Liberty Global has announced plans to merge its operations in the Netherlands with Vodafone, creating a joint venture across the region for video, broadband, mobile and B2B services.
Revealed on Tuesday, the tie-up will bring together Ziggo, a cable operator which falls under parent company Liberty Global, and Vodafone's infrastructure to create a "stronger fixed and mobile competitor in the Dutch market," according to a statement announcing the move.
Under the terms of the deal, US cable operator Liberty Global will receive a cash payment of €1 billion (approximately $1.12 billion) from Vodafone, however, each company will possess 50 percent ownership of the new joint venture.
The firms estimate the JV will have a combined net value of roughly €3.5 billion after integration costs have been taken into account and Ziggo's €7.3 billion debt is cleared.
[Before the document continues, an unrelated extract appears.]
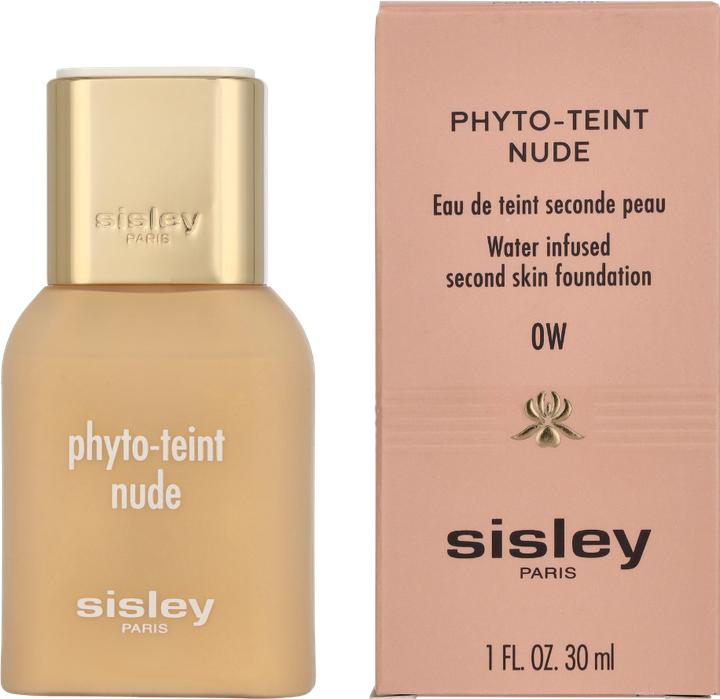 Actual product image Sisley Phyto Complexion Nude (0W Porcelaine)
As of 31 December 2015, Ziggo accounted for assets with a gross worth of €20.7 billion.
The JV will be run by six executives from Liberty Global and Vodafone, as well as two members nominated by the Works Council. The post of Chairman will be rotated annually and held by either a Vodafone or Liberty Global executive.
Vittorio Colao, Vodafone's Group Chief Executive commented:
"Together we will be a stronger competitor in the Netherlands, benefiting customers of both companies and the market as a whole.
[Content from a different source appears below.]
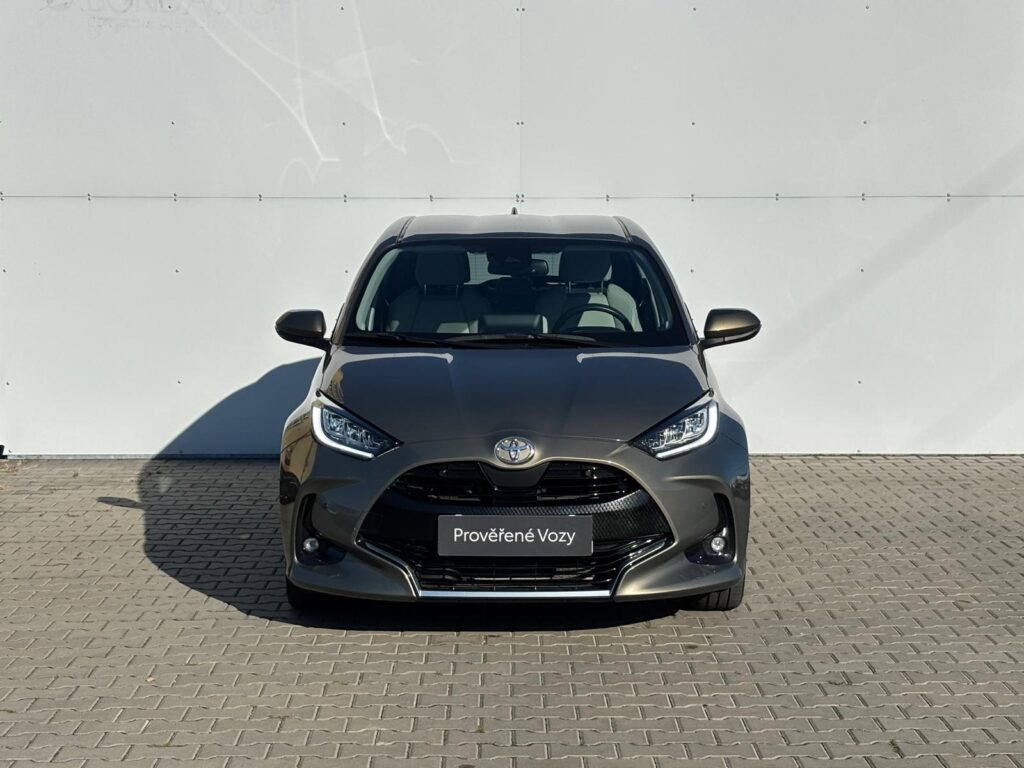 Toyota Yaris  1.5 Dynamic Force Executive AT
This transaction marks a continuation of Vodafone's market-by-market convergence strategy and we look forward to partnering with Liberty Global to create a fully integrated provider in one of our core European markets."
The deal is expected to close at the end of 2016, subject to regulatory approval.
Liberty Global also recently reported the firm's financial results for Q4 2015, the three months ending Dec. 31. The Englewood, Colorada-based cable operator reported revenue of $18.3 billion with an operating income of $2.3 billion, an increase of five percent year-on-year.